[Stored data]
==========
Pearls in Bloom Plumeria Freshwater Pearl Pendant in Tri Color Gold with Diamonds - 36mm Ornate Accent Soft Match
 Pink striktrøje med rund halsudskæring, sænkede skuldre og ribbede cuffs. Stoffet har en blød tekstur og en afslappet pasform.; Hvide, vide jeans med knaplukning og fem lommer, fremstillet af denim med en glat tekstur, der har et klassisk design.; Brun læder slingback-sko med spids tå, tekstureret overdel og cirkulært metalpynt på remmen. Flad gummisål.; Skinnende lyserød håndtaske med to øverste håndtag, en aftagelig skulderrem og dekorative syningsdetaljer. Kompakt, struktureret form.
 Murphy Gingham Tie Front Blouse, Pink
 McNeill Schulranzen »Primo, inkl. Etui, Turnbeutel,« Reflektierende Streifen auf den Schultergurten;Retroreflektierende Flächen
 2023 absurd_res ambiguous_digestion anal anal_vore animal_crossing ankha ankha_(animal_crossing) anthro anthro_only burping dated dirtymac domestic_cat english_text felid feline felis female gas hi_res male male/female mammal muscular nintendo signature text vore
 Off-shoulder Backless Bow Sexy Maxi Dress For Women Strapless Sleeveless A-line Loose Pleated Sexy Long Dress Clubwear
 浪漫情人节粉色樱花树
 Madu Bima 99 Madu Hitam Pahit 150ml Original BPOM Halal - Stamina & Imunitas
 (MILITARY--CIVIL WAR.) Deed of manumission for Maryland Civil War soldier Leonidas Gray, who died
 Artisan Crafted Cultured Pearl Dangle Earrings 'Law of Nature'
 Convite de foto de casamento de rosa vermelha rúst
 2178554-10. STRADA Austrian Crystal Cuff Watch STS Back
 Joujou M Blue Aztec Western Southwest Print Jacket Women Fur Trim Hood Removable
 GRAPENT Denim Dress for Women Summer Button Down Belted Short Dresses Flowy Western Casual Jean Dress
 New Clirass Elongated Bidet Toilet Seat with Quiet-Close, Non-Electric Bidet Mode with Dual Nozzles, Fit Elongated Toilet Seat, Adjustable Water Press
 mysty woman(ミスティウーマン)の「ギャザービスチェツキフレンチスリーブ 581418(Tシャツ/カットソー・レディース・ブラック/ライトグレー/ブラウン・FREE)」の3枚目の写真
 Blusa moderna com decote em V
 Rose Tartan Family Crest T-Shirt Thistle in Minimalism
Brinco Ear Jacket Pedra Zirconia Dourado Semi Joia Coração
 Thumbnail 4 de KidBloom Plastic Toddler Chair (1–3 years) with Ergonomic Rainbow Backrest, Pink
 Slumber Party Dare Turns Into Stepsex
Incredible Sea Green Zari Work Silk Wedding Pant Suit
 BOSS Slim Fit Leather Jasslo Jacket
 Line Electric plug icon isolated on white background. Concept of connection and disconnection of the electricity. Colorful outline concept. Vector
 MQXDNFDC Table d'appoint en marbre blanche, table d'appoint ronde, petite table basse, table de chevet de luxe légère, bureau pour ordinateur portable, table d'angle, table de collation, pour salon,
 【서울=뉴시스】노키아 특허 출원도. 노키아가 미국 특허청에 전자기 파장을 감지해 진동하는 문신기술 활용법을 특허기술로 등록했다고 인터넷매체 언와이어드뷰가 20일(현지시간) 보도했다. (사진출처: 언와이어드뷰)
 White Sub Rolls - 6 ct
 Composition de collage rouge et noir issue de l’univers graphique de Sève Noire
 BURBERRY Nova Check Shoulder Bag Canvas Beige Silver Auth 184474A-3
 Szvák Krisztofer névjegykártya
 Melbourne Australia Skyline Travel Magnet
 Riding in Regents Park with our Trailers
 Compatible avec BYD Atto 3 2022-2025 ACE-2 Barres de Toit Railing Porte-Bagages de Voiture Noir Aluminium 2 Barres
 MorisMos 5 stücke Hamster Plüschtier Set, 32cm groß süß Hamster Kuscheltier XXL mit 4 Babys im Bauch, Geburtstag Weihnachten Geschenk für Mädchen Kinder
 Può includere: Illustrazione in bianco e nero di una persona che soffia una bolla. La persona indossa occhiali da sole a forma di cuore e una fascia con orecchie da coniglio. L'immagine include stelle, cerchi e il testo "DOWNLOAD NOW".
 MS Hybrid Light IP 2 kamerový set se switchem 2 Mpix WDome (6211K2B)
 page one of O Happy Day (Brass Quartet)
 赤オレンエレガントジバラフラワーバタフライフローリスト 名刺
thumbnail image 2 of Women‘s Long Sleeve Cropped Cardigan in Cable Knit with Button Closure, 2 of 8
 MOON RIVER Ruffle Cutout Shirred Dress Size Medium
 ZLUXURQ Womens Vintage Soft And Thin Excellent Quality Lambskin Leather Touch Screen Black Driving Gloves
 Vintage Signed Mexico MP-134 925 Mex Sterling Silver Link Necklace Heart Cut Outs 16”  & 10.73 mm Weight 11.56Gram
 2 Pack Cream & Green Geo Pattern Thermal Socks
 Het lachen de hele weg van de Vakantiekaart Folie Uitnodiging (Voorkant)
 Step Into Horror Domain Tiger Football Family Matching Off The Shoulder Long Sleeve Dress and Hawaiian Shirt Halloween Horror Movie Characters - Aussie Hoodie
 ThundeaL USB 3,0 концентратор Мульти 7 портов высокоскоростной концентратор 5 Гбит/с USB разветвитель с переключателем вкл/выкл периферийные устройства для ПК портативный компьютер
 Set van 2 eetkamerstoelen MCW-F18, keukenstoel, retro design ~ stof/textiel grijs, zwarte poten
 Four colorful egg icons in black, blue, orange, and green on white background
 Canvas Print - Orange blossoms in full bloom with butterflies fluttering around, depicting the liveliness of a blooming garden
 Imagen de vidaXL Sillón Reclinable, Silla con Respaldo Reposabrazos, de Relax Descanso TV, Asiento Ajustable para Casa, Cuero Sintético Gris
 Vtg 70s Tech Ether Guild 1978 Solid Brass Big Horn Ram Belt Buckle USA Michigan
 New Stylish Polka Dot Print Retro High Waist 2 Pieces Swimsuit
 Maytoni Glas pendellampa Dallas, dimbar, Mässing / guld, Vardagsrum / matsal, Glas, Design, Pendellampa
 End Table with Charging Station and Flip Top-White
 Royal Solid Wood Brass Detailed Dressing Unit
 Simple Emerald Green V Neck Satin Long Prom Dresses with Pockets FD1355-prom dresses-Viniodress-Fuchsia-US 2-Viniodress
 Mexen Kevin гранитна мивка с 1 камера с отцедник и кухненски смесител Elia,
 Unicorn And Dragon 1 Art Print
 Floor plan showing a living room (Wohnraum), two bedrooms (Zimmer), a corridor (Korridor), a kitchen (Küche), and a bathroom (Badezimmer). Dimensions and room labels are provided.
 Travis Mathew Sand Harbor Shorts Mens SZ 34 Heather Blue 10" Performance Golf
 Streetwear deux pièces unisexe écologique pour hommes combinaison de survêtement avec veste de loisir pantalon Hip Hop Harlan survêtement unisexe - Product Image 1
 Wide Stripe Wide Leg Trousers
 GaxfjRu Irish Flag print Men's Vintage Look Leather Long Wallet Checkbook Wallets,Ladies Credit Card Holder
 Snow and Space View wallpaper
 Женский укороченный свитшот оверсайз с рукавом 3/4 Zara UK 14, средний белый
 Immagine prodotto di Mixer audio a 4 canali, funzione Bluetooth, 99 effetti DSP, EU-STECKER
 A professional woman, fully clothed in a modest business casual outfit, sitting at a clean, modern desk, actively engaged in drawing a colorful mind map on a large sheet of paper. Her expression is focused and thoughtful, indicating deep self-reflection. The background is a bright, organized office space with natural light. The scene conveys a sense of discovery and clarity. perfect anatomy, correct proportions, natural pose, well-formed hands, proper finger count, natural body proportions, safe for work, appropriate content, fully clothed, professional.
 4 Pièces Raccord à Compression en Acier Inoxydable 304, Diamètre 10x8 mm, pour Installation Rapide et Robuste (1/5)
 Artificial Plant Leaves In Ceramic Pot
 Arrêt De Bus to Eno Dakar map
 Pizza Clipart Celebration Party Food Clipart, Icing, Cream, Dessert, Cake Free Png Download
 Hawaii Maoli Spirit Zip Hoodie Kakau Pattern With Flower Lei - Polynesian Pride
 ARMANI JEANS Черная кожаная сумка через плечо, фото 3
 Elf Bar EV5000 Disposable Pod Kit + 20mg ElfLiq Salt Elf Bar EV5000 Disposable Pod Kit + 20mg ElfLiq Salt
==========
Task to complete:
Among the entries above, copy exactly only the lines starting with the one containing "Arrêt De Bus to Eno Dakar map" and going through the one containing "ARMANI JEANS Черная", both ends included.

Solved exercise:
 Arrêt De Bus to Eno Dakar map
 Pizza Clipart Celebration Party Food Clipart, Icing, Cream, Dessert, Cake Free Png Download
 Hawaii Maoli Spirit Zip Hoodie Kakau Pattern With Flower Lei - Polynesian Pride
 ARMANI JEANS Черная кожаная сумка через плечо, фото 3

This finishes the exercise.